:: DATASET RECORDS ::
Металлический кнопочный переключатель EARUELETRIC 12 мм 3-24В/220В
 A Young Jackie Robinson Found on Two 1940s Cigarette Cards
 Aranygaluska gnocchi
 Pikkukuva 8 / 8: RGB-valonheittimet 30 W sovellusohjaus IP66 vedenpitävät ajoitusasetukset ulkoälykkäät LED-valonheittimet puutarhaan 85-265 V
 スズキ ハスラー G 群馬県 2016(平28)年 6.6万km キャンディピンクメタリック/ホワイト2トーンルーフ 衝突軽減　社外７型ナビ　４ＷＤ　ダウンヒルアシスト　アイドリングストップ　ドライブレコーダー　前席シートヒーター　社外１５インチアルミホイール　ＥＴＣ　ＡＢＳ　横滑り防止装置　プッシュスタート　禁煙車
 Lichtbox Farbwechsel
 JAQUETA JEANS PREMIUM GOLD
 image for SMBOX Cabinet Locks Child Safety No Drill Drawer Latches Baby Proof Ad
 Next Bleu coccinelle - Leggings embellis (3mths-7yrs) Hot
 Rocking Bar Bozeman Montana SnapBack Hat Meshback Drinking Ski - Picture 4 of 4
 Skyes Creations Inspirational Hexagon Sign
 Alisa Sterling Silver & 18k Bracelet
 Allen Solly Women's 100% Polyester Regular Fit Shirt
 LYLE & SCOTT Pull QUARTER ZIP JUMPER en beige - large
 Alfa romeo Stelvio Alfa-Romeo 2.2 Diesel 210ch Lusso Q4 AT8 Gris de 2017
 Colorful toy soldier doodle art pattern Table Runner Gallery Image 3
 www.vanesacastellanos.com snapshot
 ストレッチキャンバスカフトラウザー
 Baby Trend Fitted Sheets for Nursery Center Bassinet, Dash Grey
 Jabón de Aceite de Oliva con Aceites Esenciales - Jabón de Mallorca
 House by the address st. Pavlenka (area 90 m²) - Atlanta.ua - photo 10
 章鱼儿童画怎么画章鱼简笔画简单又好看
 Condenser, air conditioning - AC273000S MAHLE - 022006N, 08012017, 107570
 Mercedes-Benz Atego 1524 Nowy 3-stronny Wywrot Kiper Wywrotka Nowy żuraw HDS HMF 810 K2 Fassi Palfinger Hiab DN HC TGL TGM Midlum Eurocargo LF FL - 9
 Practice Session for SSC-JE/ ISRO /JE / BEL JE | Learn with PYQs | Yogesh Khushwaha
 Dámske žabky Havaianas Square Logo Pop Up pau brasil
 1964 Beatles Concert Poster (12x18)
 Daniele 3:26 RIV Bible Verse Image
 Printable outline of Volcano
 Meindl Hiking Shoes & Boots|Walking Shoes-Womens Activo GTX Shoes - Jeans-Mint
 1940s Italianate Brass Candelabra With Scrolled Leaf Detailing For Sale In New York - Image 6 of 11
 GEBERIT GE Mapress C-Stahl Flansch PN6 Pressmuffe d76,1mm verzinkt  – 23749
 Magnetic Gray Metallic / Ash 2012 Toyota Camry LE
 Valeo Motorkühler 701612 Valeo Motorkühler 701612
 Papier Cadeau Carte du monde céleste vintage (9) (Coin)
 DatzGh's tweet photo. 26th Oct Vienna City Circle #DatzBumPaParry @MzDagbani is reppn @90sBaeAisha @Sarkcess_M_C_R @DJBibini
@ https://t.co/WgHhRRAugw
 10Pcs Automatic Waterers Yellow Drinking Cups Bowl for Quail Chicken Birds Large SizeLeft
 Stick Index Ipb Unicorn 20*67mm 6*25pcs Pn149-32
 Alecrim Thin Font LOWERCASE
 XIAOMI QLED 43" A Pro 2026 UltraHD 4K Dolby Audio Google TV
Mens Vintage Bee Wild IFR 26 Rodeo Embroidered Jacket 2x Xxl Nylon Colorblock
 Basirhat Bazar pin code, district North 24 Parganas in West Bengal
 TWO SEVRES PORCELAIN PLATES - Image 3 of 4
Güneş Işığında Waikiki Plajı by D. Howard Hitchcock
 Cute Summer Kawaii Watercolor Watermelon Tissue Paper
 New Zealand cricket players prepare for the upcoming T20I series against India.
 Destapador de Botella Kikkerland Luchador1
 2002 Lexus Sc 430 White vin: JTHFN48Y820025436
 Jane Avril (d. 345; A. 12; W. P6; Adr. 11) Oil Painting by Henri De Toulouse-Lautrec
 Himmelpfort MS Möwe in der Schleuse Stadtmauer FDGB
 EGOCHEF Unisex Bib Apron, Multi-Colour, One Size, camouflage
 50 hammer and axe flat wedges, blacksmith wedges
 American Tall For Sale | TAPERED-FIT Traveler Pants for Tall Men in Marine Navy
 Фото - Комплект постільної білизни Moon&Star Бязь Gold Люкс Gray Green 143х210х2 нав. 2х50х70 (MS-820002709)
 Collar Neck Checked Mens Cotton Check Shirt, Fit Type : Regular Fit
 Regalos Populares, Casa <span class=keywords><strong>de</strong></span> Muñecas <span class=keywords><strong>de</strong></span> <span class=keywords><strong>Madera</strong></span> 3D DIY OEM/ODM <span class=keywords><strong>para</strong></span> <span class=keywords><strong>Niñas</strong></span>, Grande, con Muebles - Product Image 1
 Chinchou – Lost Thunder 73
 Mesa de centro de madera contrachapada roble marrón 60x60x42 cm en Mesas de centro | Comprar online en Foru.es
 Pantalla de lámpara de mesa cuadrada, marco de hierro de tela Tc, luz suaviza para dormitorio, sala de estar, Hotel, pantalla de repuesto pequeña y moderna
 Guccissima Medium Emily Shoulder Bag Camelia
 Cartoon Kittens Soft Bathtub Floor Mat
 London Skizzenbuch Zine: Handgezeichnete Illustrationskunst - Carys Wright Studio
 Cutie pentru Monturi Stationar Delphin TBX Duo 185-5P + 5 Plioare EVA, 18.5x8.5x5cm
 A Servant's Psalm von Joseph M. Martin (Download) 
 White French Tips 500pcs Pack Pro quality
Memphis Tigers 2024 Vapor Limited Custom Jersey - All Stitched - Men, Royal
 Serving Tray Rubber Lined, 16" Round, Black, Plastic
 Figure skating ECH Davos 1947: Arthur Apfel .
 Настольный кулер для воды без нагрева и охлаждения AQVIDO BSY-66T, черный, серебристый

:: EXERCISE GOAL ::
Restate the whole of the data exactly.

:: OUTPUT ::
Металлический кнопочный переключатель EARUELETRIC 12 мм 3-24В/220В
 A Young Jackie Robinson Found on Two 1940s Cigarette Cards
 Aranygaluska gnocchi
 Pikkukuva 8 / 8: RGB-valonheittimet 30 W sovellusohjaus IP66 vedenpitävät ajoitusasetukset ulkoälykkäät LED-valonheittimet puutarhaan 85-265 V
 スズキ ハスラー G 群馬県 2016(平28)年 6.6万km キャンディピンクメタリック/ホワイト2トーンルーフ 衝突軽減　社外７型ナビ　４ＷＤ　ダウンヒルアシスト　アイドリングストップ　ドライブレコーダー　前席シートヒーター　社外１５インチアルミホイール　ＥＴＣ　ＡＢＳ　横滑り防止装置　プッシュスタート　禁煙車
 Lichtbox Farbwechsel
 JAQUETA JEANS PREMIUM GOLD
 image for SMBOX Cabinet Locks Child Safety No Drill Drawer Latches Baby Proof Ad
 Next Bleu coccinelle - Leggings embellis (3mths-7yrs) Hot
 Rocking Bar Bozeman Montana SnapBack Hat Meshback Drinking Ski - Picture 4 of 4
 Skyes Creations Inspirational Hexagon Sign
 Alisa Sterling Silver & 18k Bracelet
 Allen Solly Women's 100% Polyester Regular Fit Shirt
 LYLE & SCOTT Pull QUARTER ZIP JUMPER en beige - large
 Alfa romeo Stelvio Alfa-Romeo 2.2 Diesel 210ch Lusso Q4 AT8 Gris de 2017
 Colorful toy soldier doodle art pattern Table Runner Gallery Image 3
 www.vanesacastellanos.com snapshot
 ストレッチキャンバスカフトラウザー
 Baby Trend Fitted Sheets for Nursery Center Bassinet, Dash Grey
 Jabón de Aceite de Oliva con Aceites Esenciales - Jabón de Mallorca
 House by the address st. Pavlenka (area 90 m²) - Atlanta.ua - photo 10
 章鱼儿童画怎么画章鱼简笔画简单又好看
 Condenser, air conditioning - AC273000S MAHLE - 022006N, 08012017, 107570
 Mercedes-Benz Atego 1524 Nowy 3-stronny Wywrot Kiper Wywrotka Nowy żuraw HDS HMF 810 K2 Fassi Palfinger Hiab DN HC TGL TGM Midlum Eurocargo LF FL - 9
 Practice Session for SSC-JE/ ISRO /JE / BEL JE | Learn with PYQs | Yogesh Khushwaha
 Dámske žabky Havaianas Square Logo Pop Up pau brasil
 1964 Beatles Concert Poster (12x18)
 Daniele 3:26 RIV Bible Verse Image
 Printable outline of Volcano
 Meindl Hiking Shoes & Boots|Walking Shoes-Womens Activo GTX Shoes - Jeans-Mint
 1940s Italianate Brass Candelabra With Scrolled Leaf Detailing For Sale In New York - Image 6 of 11
 GEBERIT GE Mapress C-Stahl Flansch PN6 Pressmuffe d76,1mm verzinkt  – 23749
 Magnetic Gray Metallic / Ash 2012 Toyota Camry LE
 Valeo Motorkühler 701612 Valeo Motorkühler 701612
 Papier Cadeau Carte du monde céleste vintage (9) (Coin)
 DatzGh's tweet photo. 26th Oct Vienna City Circle #DatzBumPaParry @MzDagbani is reppn @90sBaeAisha @Sarkcess_M_C_R @DJBibini
@ https://t.co/WgHhRRAugw
 10Pcs Automatic Waterers Yellow Drinking Cups Bowl for Quail Chicken Birds Large SizeLeft
 Stick Index Ipb Unicorn 20*67mm 6*25pcs Pn149-32
 Alecrim Thin Font LOWERCASE
 XIAOMI QLED 43" A Pro 2026 UltraHD 4K Dolby Audio Google TV
Mens Vintage Bee Wild IFR 26 Rodeo Embroidered Jacket 2x Xxl Nylon Colorblock
 Basirhat Bazar pin code, district North 24 Parganas in West Bengal
 TWO SEVRES PORCELAIN PLATES - Image 3 of 4
Güneş Işığında Waikiki Plajı by D. Howard Hitchcock
 Cute Summer Kawaii Watercolor Watermelon Tissue Paper
 New Zealand cricket players prepare for the upcoming T20I series against India.
 Destapador de Botella Kikkerland Luchador1
 2002 Lexus Sc 430 White vin: JTHFN48Y820025436
 Jane Avril (d. 345; A. 12; W. P6; Adr. 11) Oil Painting by Henri De Toulouse-Lautrec
 Himmelpfort MS Möwe in der Schleuse Stadtmauer FDGB
 EGOCHEF Unisex Bib Apron, Multi-Colour, One Size, camouflage
 50 hammer and axe flat wedges, blacksmith wedges
 American Tall For Sale | TAPERED-FIT Traveler Pants for Tall Men in Marine Navy
 Фото - Комплект постільної білизни Moon&Star Бязь Gold Люкс Gray Green 143х210х2 нав. 2х50х70 (MS-820002709)
 Collar Neck Checked Mens Cotton Check Shirt, Fit Type : Regular Fit
 Regalos Populares, Casa <span class=keywords><strong>de</strong></span> Muñecas <span class=keywords><strong>de</strong></span> <span class=keywords><strong>Madera</strong></span> 3D DIY OEM/ODM <span class=keywords><strong>para</strong></span> <span class=keywords><strong>Niñas</strong></span>, Grande, con Muebles - Product Image 1
 Chinchou – Lost Thunder 73
 Mesa de centro de madera contrachapada roble marrón 60x60x42 cm en Mesas de centro | Comprar online en Foru.es
 Pantalla de lámpara de mesa cuadrada, marco de hierro de tela Tc, luz suaviza para dormitorio, sala de estar, Hotel, pantalla de repuesto pequeña y moderna
 Guccissima Medium Emily Shoulder Bag Camelia
 Cartoon Kittens Soft Bathtub Floor Mat
 London Skizzenbuch Zine: Handgezeichnete Illustrationskunst - Carys Wright Studio
 Cutie pentru Monturi Stationar Delphin TBX Duo 185-5P + 5 Plioare EVA, 18.5x8.5x5cm
 A Servant's Psalm von Joseph M. Martin (Download) 
 White French Tips 500pcs Pack Pro quality
Memphis Tigers 2024 Vapor Limited Custom Jersey - All Stitched - Men, Royal
 Serving Tray Rubber Lined, 16" Round, Black, Plastic
 Figure skating ECH Davos 1947: Arthur Apfel .
 Настольный кулер для воды без нагрева и охлаждения AQVIDO BSY-66T, черный, серебристый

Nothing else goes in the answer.